There is a general need for funding bodies and academic researchers to have greater flexibility than would normally be the case, to accommodate the particular difficulties that CSOs face. Following the initial design of the individual studies, CSO partners had staff changes resulting in changes in expertise; staff turnover was more frequent than in academic institutions. In such ways, they may be less stable than academic institutions and so need greater flexibility to overcome any problems. Working with others can enable them to find solutions, but consequently makes heavy demands on other partners, particularly the coordinator. Therefore the scope and ability to be flexible is crucial.
Most studies involved some re-design once they had begun. Most partners had to deal with events beyond their control. Where some research plans turned out to be unfeasible, especially for involving other CSOs, these plans had to be redesigned in consultation with the project coordinator.
Furthermore, less flexible financial resources meant that any delays in funding arrangements or contract negotiations were problematic. Being a researcher in a CSO makes great demands on staff time and resources which need to be carefully managed.
Despite those extra demands, partners saw the benefits as outweighing any difficulties. The research activity and results helped some CSOs to gain a hearing in policy arenas. All partners noted that they had had a positive experience in CREPE; in their view, cooperative research practices have the potential to improve relationships between academics and CSOs and bring their contributions into policy arenas. As one CSO partner commented: ‘The opportunity to work with formal research helped us achieve a social and thus political recognition that could not have been reached without this support’ (FRCIVAM, WP4).

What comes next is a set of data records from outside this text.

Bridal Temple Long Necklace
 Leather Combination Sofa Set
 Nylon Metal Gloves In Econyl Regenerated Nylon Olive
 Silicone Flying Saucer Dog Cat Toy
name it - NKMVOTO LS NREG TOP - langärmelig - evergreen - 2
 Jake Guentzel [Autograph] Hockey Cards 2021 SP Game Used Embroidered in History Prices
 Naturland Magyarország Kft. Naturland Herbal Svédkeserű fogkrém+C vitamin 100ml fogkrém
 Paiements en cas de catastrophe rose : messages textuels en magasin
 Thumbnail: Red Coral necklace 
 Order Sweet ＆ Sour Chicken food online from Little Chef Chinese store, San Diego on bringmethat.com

At the same time, intervention into societal issues does not entirely depend upon research. Indeed, much useful knowledge does not come from activity that is formally recognised as research, even if resulting from a systemic investigation. So cooperative research has important roles beyond answering research questions. New relationships extend knowledge networks among stakeholder groups, while also redefining the problems to be researched, thus opening up policy assumptions and perhaps societal futures.